Cypht has a modular design. Instead of an application with a plugin API, Cypht is an application comprised entirely of plugins, or as we call them, "module sets". There is only one required set, the "core" modules. The components of any module set can be added to, or even replaced, by site specific modules. All the functionality of Cypht is broken out into module sets, and each set is built from small pieces that are also easy to override. The module system is powerful, but also a bit complex. First let's take a look at the module sets that come with Cypht:
Module sets are setup in the hm3.ini file. With the exception of the core module, they can all be enabled or disabled independently (though module sets can rely on each other, like the nux module). When the site build process is run, module assignments are calculated and saved in the configuration file (so they don't need to be re-calculated at run-time). There is also a debug mode in which modules are activated dynamically (for the most part) to make development easier.
Module set names in the ini file match the directory the module code is in under modules/. Files in a module have pre-defined names. Any other required code should be included from one of these files.
A module set can also include an assets sub-directory. Anything in that directory will be made availble in the browser. An example of this is the HTML WSIWYG editor for the smtp module set. In debug mode the module site.css and site.js files are included directly if they exist. In production mode combined and optionally minified versions are used consisting of a single js file and a single CSS file generated by the build process. Minifying programs can be specified in the hm3.ini file.
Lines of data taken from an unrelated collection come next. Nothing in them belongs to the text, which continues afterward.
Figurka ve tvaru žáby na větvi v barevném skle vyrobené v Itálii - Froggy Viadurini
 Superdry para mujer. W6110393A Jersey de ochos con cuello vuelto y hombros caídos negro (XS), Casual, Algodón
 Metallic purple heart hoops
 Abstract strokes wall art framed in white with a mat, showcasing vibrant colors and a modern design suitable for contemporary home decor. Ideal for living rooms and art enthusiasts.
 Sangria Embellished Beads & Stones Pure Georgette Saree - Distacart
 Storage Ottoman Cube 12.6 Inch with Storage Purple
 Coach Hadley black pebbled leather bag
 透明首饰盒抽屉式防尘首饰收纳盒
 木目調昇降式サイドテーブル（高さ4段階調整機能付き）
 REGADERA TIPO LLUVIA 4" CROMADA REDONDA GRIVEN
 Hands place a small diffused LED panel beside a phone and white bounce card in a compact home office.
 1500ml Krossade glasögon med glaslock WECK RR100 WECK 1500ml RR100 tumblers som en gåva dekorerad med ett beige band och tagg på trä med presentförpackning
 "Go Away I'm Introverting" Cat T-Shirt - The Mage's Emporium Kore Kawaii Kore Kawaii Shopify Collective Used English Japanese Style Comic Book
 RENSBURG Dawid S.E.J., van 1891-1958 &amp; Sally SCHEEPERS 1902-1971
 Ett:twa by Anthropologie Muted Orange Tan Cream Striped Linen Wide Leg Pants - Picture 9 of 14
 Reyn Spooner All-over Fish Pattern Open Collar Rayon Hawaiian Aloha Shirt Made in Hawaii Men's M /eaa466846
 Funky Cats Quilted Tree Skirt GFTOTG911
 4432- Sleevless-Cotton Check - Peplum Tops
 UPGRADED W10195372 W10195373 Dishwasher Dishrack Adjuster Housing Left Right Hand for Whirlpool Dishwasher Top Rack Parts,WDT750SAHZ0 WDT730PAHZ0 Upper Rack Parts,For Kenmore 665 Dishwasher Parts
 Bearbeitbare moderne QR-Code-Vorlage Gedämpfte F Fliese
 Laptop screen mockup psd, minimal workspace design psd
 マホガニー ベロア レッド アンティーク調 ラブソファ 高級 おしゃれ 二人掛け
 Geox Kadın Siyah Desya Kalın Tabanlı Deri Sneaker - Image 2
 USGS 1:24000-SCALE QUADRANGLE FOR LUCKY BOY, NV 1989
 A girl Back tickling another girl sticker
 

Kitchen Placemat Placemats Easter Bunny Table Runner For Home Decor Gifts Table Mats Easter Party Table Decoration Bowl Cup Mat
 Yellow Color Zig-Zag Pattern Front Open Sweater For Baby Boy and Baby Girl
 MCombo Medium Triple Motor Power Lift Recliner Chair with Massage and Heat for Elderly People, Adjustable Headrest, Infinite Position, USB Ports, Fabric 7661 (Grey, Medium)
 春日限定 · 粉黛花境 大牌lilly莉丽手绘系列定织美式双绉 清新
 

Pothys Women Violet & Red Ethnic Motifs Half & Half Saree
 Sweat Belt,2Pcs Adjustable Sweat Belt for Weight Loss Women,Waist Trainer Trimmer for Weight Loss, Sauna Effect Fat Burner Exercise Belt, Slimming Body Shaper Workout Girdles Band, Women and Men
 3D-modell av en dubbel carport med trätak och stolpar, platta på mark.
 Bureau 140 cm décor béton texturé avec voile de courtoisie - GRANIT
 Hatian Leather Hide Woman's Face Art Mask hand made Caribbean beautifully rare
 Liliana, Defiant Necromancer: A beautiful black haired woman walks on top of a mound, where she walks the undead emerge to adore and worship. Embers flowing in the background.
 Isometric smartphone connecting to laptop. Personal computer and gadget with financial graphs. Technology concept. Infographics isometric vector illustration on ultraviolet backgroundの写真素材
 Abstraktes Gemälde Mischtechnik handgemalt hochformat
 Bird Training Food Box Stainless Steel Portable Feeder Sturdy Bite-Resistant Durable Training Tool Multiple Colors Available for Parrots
There are two kinds of modules: Input processing modules called "handler modules", and output formatting modules called "output modules". Modules can pass data to each other, and output modules have access to all the data input modules create. By default, module output is immutable and can't be stepped on by other modules. Data can be marked writable and an "appendable" data type is also supported. The typical job of a handler module is to analyze user input and do some work based on it, which it then sends to the output modules. The typical job of an output module is to take the results of an input module and format it for the browser.